A preacher friend told me about a couple in his congregation who flatly refused to pick up a young Christian for church. The reason was simple in their minds: “The young sister could be seen walking all over the city from Monday to Saturday, but somehow couldn’t walk to church on a Sunday.” I got to know the couple, but never met the young lady concerned. Surprisingly, I found the couple to be generous, kind, and free of any baggage that one might suspect to be in a couple who had refused to collect a fellow Christian for church. I have wondered if they thought it a case of: “Bear your own burdens.”
Christian servanthood is easy to define…when judging others, that is. But nobody likes it when others impose their definition upon them. At that point, “Bear your own burdens,” sounds like good advice.
However, if anyone lowered himself to “bear our burdens,” it was Jesus. Paul says of our divine Saviour:
“Being found in appearance as a man, He humbled Himself by becoming obedient to the point of death, even death on a cross” (Philippians 2:8).
The Hebrew writer adds that it was for the joy set before him that Jesus endured the cross (Hebrews 12:2). Obviously, there is nothing joyful in the ignominy of the cross. Instead, Jesus’ joy lay in fulfilling the will of the Father—He destroyed the devil’s hold on death, and thus reconciled God and man.

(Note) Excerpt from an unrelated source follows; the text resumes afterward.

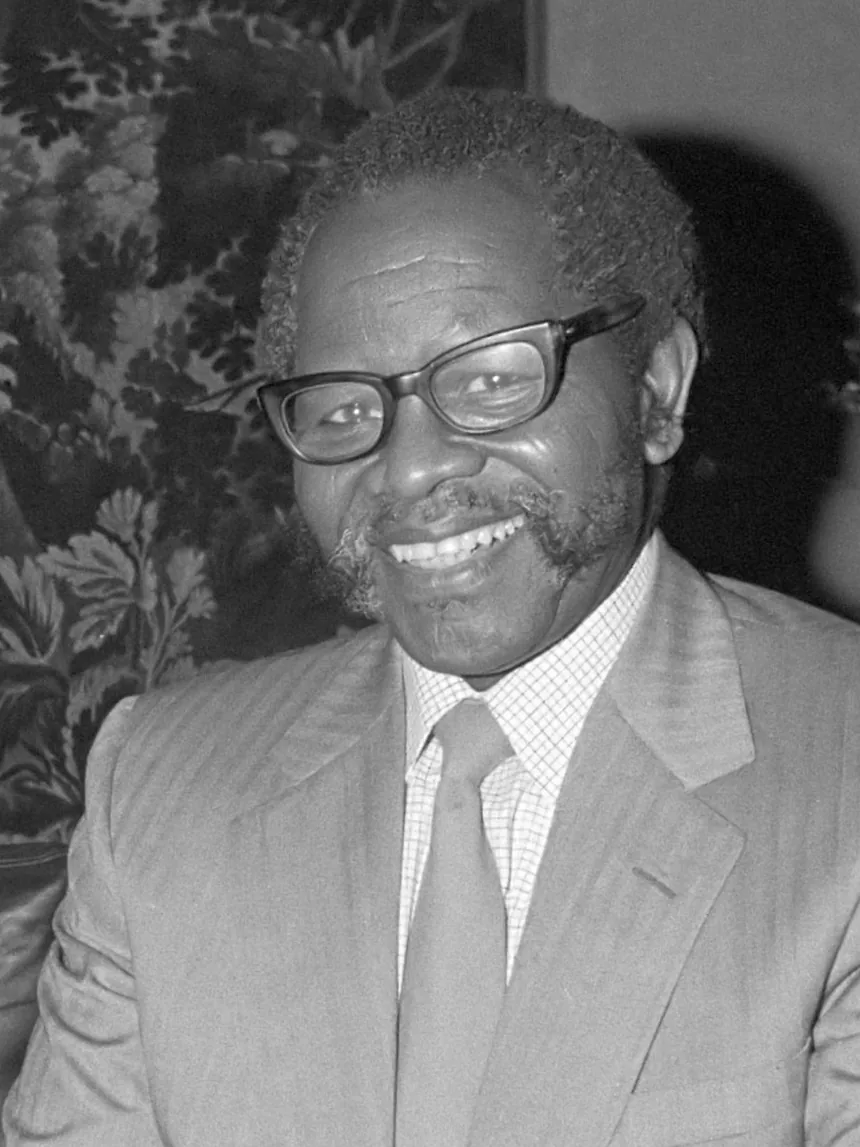 Premier Van Agt (CDA) heeft Oliver Tambo, voorzitter van het African National Congress, ontvangen in het Catshuis 19 oktober 1981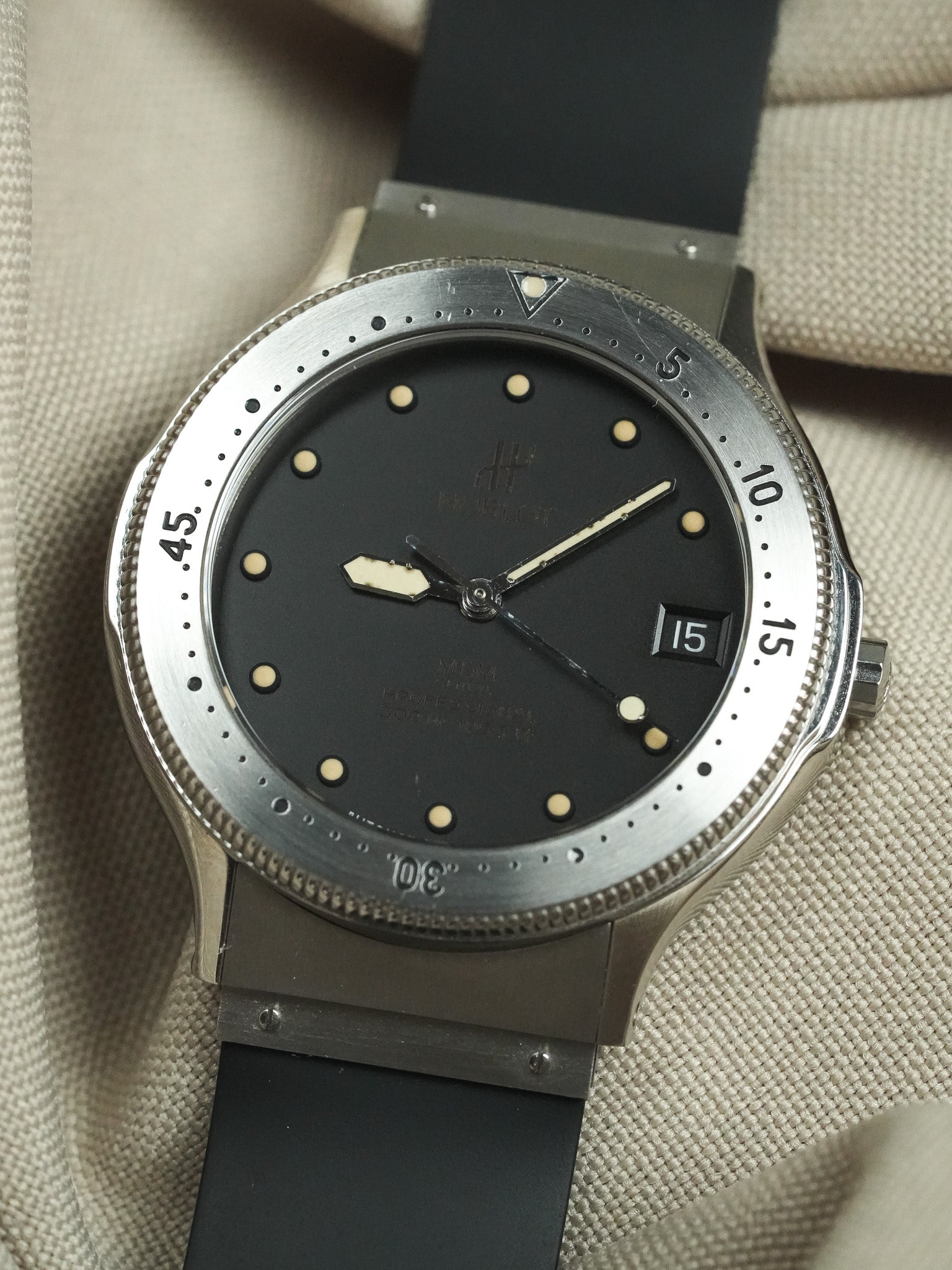 Hublot - MDM Acier Automatique Professionnal 300m - 1990s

Everyone wants to be the boss of something, and nobody wants to be thought of as a servant; we especially resent being treated like one. But when experiencing what Jesus’ service did for us, we share the joy by serving others—we emulate our Saviour.
“It is not this way among you, but whoever wishes to become great among you shall be your servant, and whoever wishes to be first among you shall be your slave; just as the Son of Man did not come to be served, but to serve, and to give His life a ransom for many” (Matthew 20:26-28).